* EXERCISE GOAL:
Once you have found the line with "Bottega Veneta |" in the records below, retype it and every line after it to the end exactly, with no pictures and nothing more.

[Collection entries]
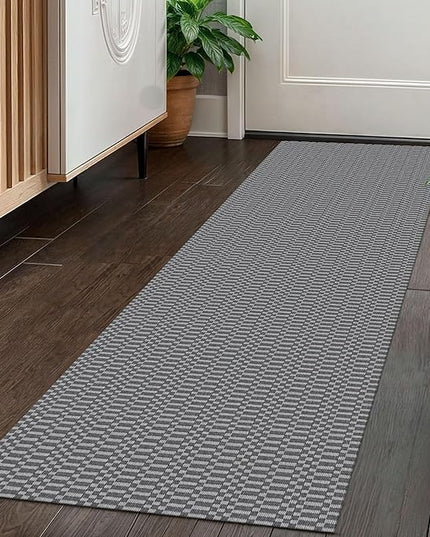 KOZYFLY Washable Runner Rug 2x5 Ft Runners for Hallways Throw Rug with Rubber Backing, Braided Cotton Entryway Runner Indoor, Carpet Runners for Hallway Kitchen Entryway Bedroom, Grey/Charcoal Grey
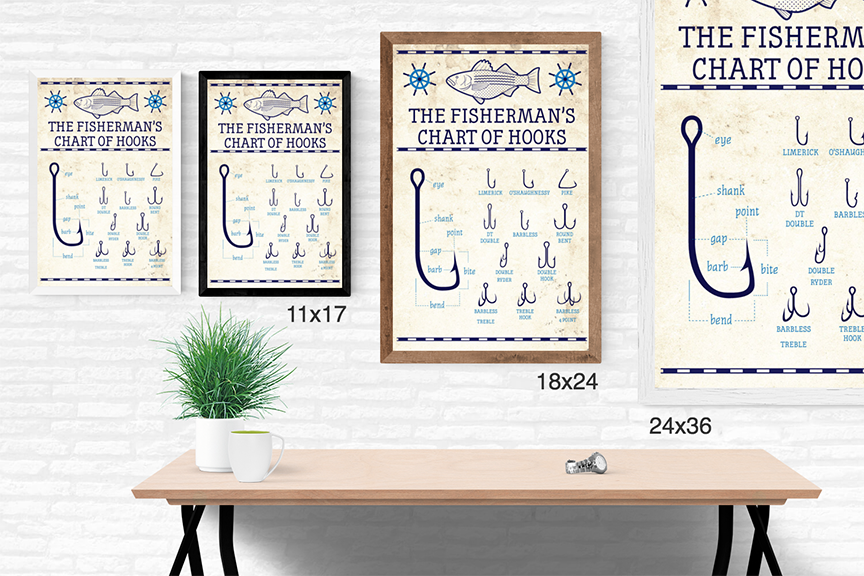 clifford art studio inc newyork fishing hooks Fisherman's Chart of Fishing Boat Wakeboard Tower checklist-Easy Return Policy Oz:4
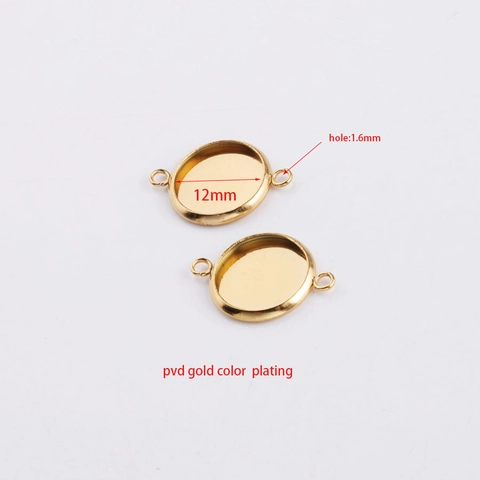 Pendentifs Plateau À Lunette Ronde En Acier Inoxydable Plaqué Or PVD Connecteurs À Double Boucle Pour Bijoux DIY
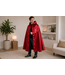 Cape met capuchon luxe rood satijn | 130 cm
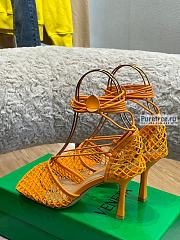 Bottega Veneta | Mesh And Leather Sandals Tangerine - 9cm - 6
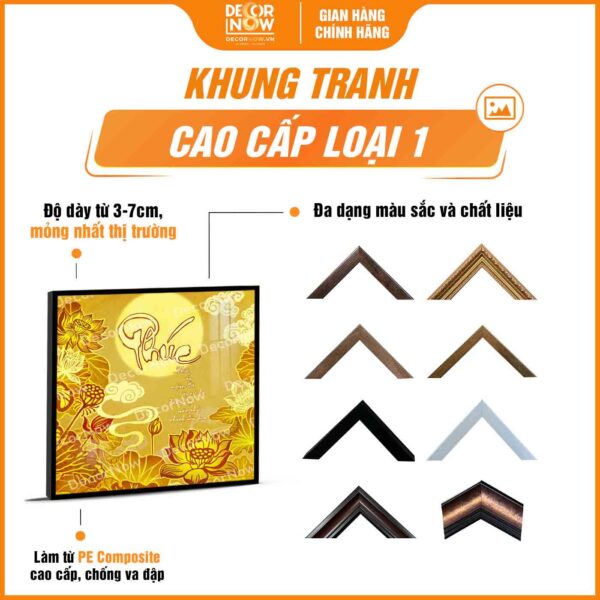 Đa dạng khung tranh trúc chỉ in vuông chữ Phúc vuông DecorNow TC515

* WRITTEN RESPONSE:
 Bottega Veneta | Mesh And Leather Sandals Tangerine - 9cm - 6
 Đa dạng khung tranh trúc chỉ in vuông chữ Phúc vuông DecorNow TC515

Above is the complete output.